---------- MATERIAL PROVIDED

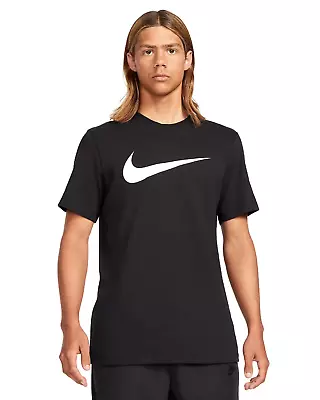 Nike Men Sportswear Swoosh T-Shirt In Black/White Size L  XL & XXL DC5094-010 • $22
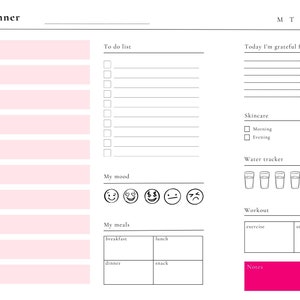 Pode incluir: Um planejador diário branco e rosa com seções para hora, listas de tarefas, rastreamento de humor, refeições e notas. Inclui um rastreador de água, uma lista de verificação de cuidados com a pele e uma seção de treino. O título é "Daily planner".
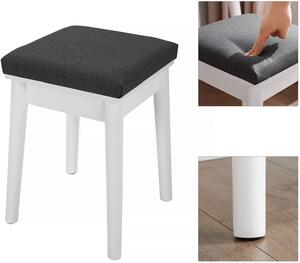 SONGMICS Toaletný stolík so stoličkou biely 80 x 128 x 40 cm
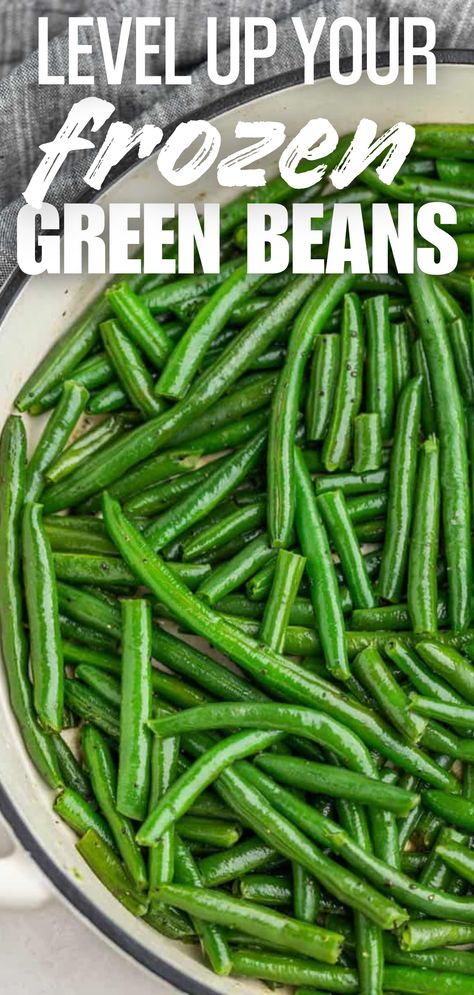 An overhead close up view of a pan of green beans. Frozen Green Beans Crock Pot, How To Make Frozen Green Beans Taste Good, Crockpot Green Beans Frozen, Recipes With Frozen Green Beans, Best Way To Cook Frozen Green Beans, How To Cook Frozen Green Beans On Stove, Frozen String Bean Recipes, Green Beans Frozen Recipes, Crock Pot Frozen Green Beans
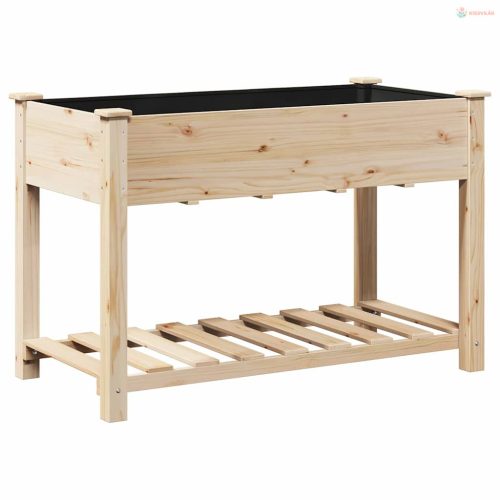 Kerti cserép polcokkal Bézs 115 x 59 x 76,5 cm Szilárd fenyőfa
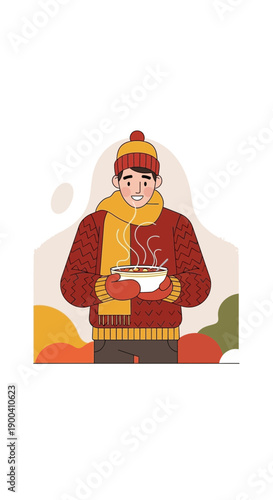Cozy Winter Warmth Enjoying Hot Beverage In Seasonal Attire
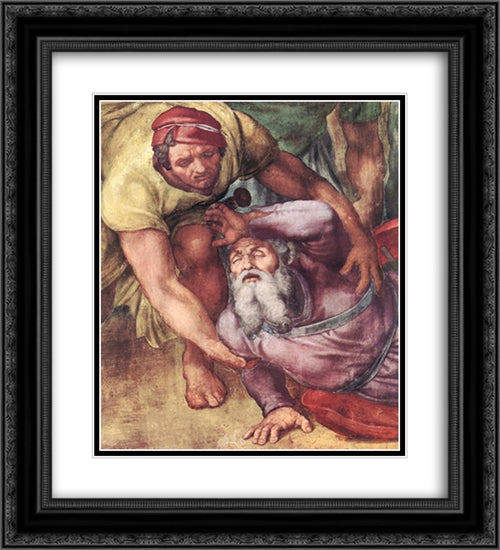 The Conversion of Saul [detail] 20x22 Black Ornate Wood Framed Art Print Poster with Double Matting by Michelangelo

--------------------
---------- MATERIAL PROVIDED

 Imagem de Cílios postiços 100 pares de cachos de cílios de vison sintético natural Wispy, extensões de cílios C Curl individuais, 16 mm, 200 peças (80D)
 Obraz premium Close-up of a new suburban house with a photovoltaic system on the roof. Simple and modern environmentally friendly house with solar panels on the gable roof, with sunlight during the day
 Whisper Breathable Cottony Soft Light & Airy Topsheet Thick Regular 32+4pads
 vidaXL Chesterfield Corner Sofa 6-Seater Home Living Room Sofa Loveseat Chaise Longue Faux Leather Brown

--------------------

= TASK INSTRUCTIONS =
Using the entries above, repeat exactly the lines from the one with "Nike Men Sportswear" to the one with "SONGMICS Toaletný stolík", both included, and leave the pictures behind.

= PROBLEM SOLUTION =
 Nike Men Sportswear Swoosh T-Shirt In Black/White Size L  XL & XXL DC5094-010 • $22
 Pode incluir: Um planejador diário branco e rosa com seções para hora, listas de tarefas, rastreamento de humor, refeições e notas. Inclui um rastreador de água, uma lista de verificação de cuidados com a pele e uma seção de treino. O título é "Daily planner".
 SONGMICS Toaletný stolík so stoličkou biely 80 x 128 x 40 cm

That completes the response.